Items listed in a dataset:
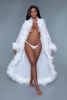 BW834 Glamour Robe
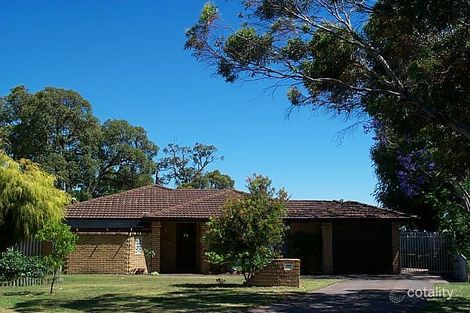 15 Perrin Way, High Wycombe, WA 6057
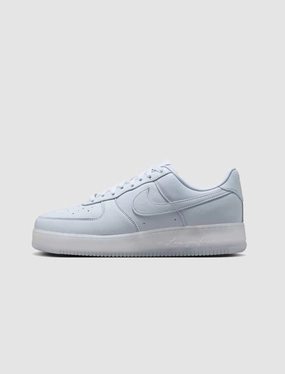 NOCTA AIR FORCE 1 PALEST PURPLE/ COBALT TINT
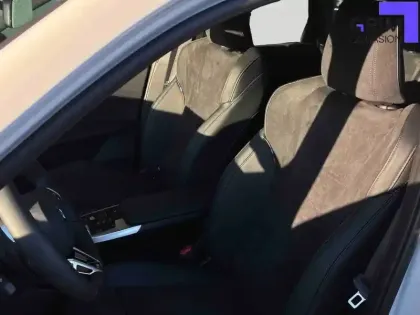 Photo 16 BMW X1  xDrive 25e 245ch DKG7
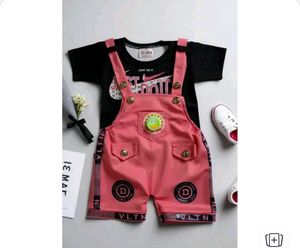 Cute Kids Outfit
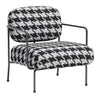 Ulet - Accent Chair - Multicolor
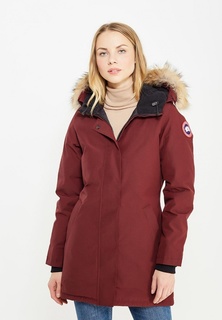Пуховик Canada Goose VICTORIA PARKA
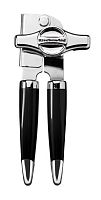 Консервный нож черный KG130OB KitchenAid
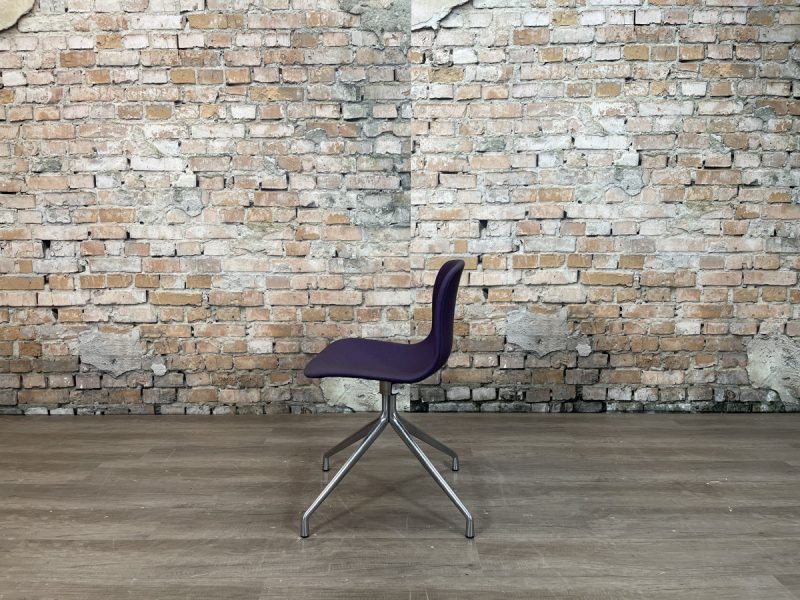 Hay AAC 11 Swivel paars - Afbeelding 4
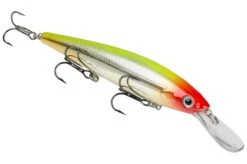 Strike King KVD 300D Series 4 1/2 Inch Deep Diving Jerkbait -Fishing Sports Shop 12699232108599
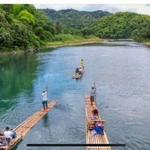 Rio Grande River Rafting, YS Falls, Blue Hole, horse back riding, dolphin swimming etc.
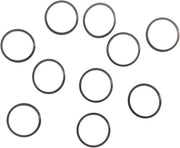 Cometic C9290 Intake Manifold Seal For Carburetor - 10 Pack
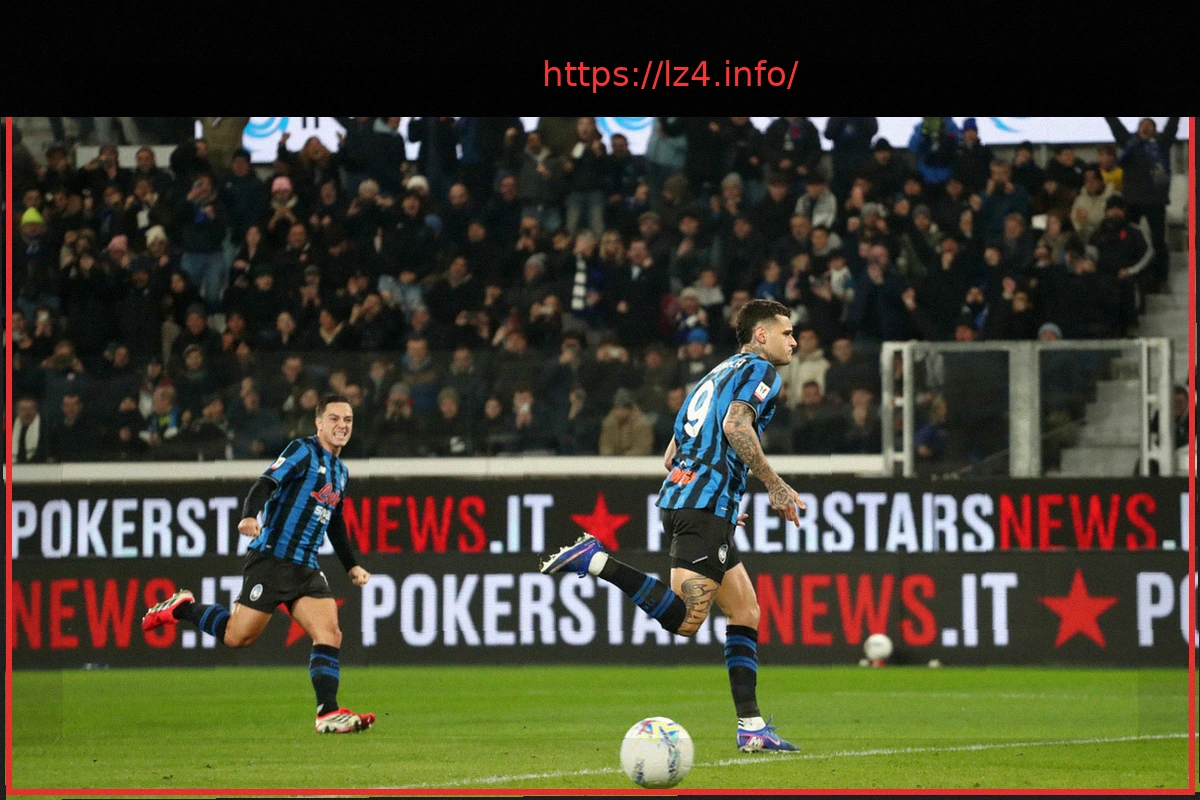 Preview Coppa Italia: Atalanta vs. Lazio – Probable line-ups and where to watch on TV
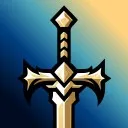 Logo ColdQuest: The B2B RPG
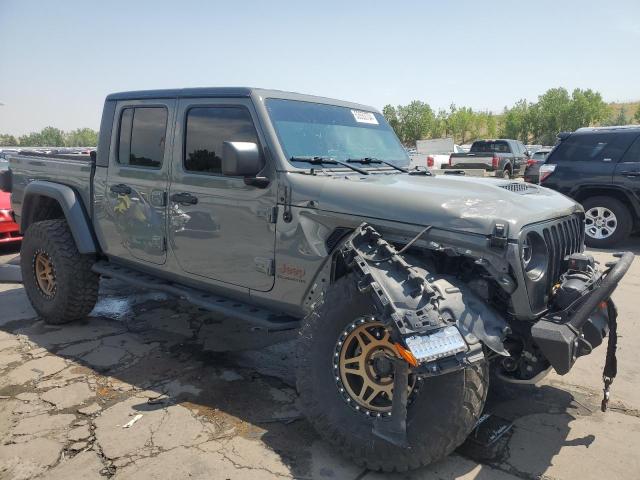 Photo 3 VIN: 1C6JJTEG3ML572278 - JEEP GLADIATOR 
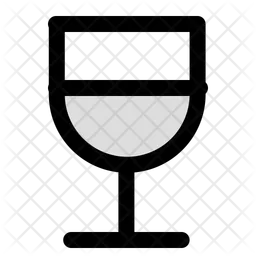 Wineglass  Icon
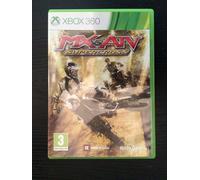 Mx Vs. Atv-Supercross (Xbox 360)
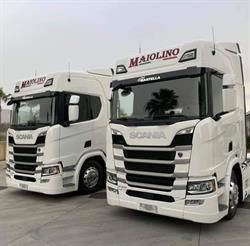 Maiolino autotrasporti s.r.l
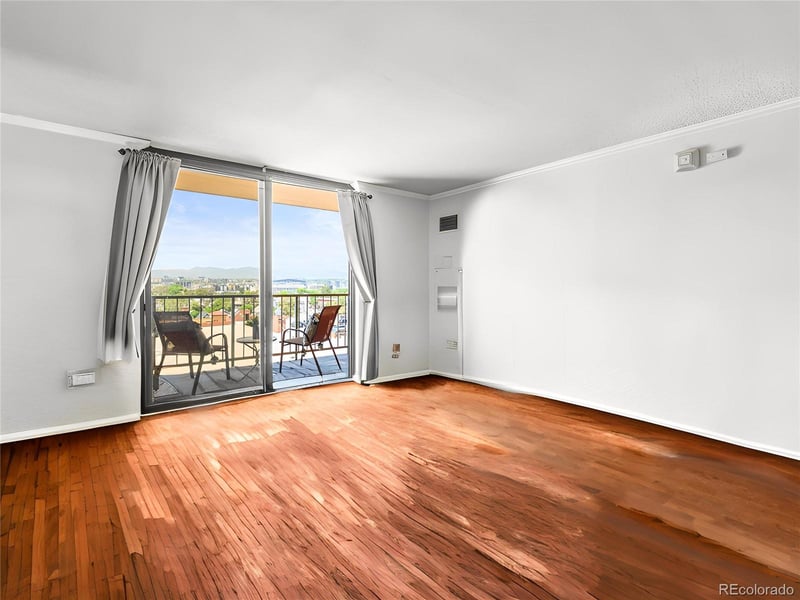 1301 Speer Blvd #702, Denver, CO 80204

TASK ITEM: Copy out each record word for word and omit any pictures.

TASK ANSWER:
 BW834 Glamour Robe
 15 Perrin Way, High Wycombe, WA 6057
 NOCTA AIR FORCE 1 PALEST PURPLE/ COBALT TINT
 Photo 16 BMW X1  xDrive 25e 245ch DKG7
 Cute Kids Outfit
 Ulet - Accent Chair - Multicolor
Пуховик Canada Goose VICTORIA PARKA
 Консервный нож черный KG130OB KitchenAid
 Hay AAC 11 Swivel paars - Afbeelding 4
 Strike King KVD 300D Series 4 1/2 Inch Deep Diving Jerkbait -Fishing Sports Shop 12699232108599
 Rio Grande River Rafting, YS Falls, Blue Hole, horse back riding, dolphin swimming etc.
 Cometic C9290 Intake Manifold Seal For Carburetor - 10 Pack
 Preview Coppa Italia: Atalanta vs. Lazio – Probable line-ups and where to watch on TV
 Logo ColdQuest: The B2B RPG
 Photo 3 VIN: 1C6JJTEG3ML572278 - JEEP GLADIATOR 
 Wineglass  Icon
 Mx Vs. Atv-Supercross (Xbox 360)
 Maiolino autotrasporti s.r.l
 1301 Speer Blvd #702, Denver, CO 80204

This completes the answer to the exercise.